The six lines of code we saw in the last chapter are just one small part of the process of using deep learning in practice. In this chapter, we're going to use a computer vision example to look at the end-to-end process of creating a deep learning application. More specifically, we're going to build a bear classifier! In the process, we'll discuss the capabilities and constraints of deep learning, explore how to create datasets, look at possible gotchas when using deep learning in practice, and more. Many of the key points will apply equally well to other deep learning problems, such as those in last chapter. If you work through a problem similar in key respects to our example problems, we expect you to get excellent results with little code, quickly.

The Practice of Deep Learning

We've seen that deep learning can solve a lot of challenging problems quickly and with little code. However, deep learning isn't magic! The same 6 lines of code won't work for every problem anyone can think of today.

We often talk to people who underestimate both the constraints and the capabilities of deep learning. Both of these can be problems: underestimating the capabilities means that you might not even try things that could be very beneficial, and underestimating the constraints might mean that you fail to consider and react to important issues.

The best thing to do is to keep an open mind. Then, it is possible to design a process where you can find the specific capabilities and constraints related to your particular problem as you work through the process. This doesn't mean making any risky bets — we will show you how you can gradually roll out models so that they don't create significant risks, and can even backtest them prior to putting them in production.

Starting Your Project

When selecting a project, the most important consideration is data availability. However, the goal is not to find the "perfect" dataset or project, but just to get started and iterate from there.

We also suggest that you iterate from end to end in your project; that is, don't spend months fine-tuning your model, or polishing the perfect GUI, or labelling the perfect dataset… Instead, complete every step as well as you can in a reasonable amount of time, all the way to the end. By completing the project end to end, you will see where the trickiest bits are, and which bits make the biggest difference to the final result.

As you work through this book, we suggest that you complete lots of small experiments, by running and adjusting the notebooks we provide, at the same time that you gradually develop your own projects. That way, you will be getting experience with all of the tools and techniques that we're explaining, as we discuss them.

Tip: To make the most of this book, take the time to experiment between each chapter, be it on your own project or by exploring the notebooks we provide. Then try rewriting those notebooks from scratch on a new dataset. It’s only by practicing (and failing) a lot that you will get an intuition of how to train a model.

By using the end-to-end iteration approach you will also get a better understanding of how much data you really need. Indeed, for instance, you may find you can only easily get 200 labeled data items.

In an organizational context you will be able to show your colleagues that your idea can really work by showing them a real working prototype.
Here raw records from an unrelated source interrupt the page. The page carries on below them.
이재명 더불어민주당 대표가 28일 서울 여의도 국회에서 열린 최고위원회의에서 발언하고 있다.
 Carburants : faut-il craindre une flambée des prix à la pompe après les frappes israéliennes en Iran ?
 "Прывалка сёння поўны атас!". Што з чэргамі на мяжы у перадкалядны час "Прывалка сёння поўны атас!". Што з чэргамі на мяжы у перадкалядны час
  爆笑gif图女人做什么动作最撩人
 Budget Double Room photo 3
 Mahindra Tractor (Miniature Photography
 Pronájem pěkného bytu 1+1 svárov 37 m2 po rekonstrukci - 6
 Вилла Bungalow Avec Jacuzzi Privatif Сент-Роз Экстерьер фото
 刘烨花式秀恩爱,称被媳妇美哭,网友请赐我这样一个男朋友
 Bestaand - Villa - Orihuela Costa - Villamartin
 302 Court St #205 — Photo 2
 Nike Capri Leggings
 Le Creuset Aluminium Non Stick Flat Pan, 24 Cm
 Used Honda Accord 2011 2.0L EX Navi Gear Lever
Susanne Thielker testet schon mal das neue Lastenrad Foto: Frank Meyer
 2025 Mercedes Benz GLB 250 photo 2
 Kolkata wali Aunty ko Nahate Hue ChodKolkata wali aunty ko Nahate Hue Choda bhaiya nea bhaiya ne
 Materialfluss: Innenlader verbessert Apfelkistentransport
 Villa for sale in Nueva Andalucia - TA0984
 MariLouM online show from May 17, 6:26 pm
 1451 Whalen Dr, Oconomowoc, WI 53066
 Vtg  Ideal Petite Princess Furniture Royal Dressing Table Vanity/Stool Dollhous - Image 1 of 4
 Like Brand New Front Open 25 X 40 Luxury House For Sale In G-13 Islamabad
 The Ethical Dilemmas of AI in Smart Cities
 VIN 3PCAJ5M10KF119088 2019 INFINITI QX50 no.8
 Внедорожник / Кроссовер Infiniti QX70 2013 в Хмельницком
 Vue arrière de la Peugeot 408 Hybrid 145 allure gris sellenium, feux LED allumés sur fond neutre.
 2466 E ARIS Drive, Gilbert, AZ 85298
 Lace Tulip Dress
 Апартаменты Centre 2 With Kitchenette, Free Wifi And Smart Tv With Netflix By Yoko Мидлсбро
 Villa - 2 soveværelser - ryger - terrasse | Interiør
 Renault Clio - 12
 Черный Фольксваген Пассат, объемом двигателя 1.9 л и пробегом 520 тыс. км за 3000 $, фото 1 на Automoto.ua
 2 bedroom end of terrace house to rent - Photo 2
We have repeatedly observed that this is the secret to getting good organizational buy-in for a project.

Since it is easiest to get started on a project where you already have data available, that means it's probably easiest to get started on a project related to something you are already doing, because you already have data about things that you are doing. For instance, if you work in the music business, you may have access to many recordings.

Sometimes, you have to get a bit creative. Maybe you can find some previous machine learning project, such as a Kaggle competition, that is related to your field of interest.

Sometimes, you have to compromise. Maybe you can't find the exact data you need for the precise project you have in mind; but you might be able to find something from a similar domain, or measured in a different way, tackling a slightly different problem.

Especially when you are just starting out with deep learning, it's not a good idea apply deep learning where it has not been before. That's because if your model does not work at first, you will not know whether it is because you have made a mistake, or if the very problem you are trying to solve is simply not solvable with deep learning. Let's have a look at the state of deep learning, just so you know what kinds of things deep learning is good at right now.

Gathering Data

The project we'll be completing in this chapter is a bear detector. It will discriminate between three types of bear: grizzly, black, and teddy bears. You can follow along with this chapter and create your own image recognition application for whatever kinds of objects you're interested in. In the fast.ai course, thousands of students have presented their work in the course forums, displaying everything from hummingbird varieties in Trinidad to bus types in Panama—one student even created an application that would help his fiancée recognize his 16 cousins during Christmas vacation!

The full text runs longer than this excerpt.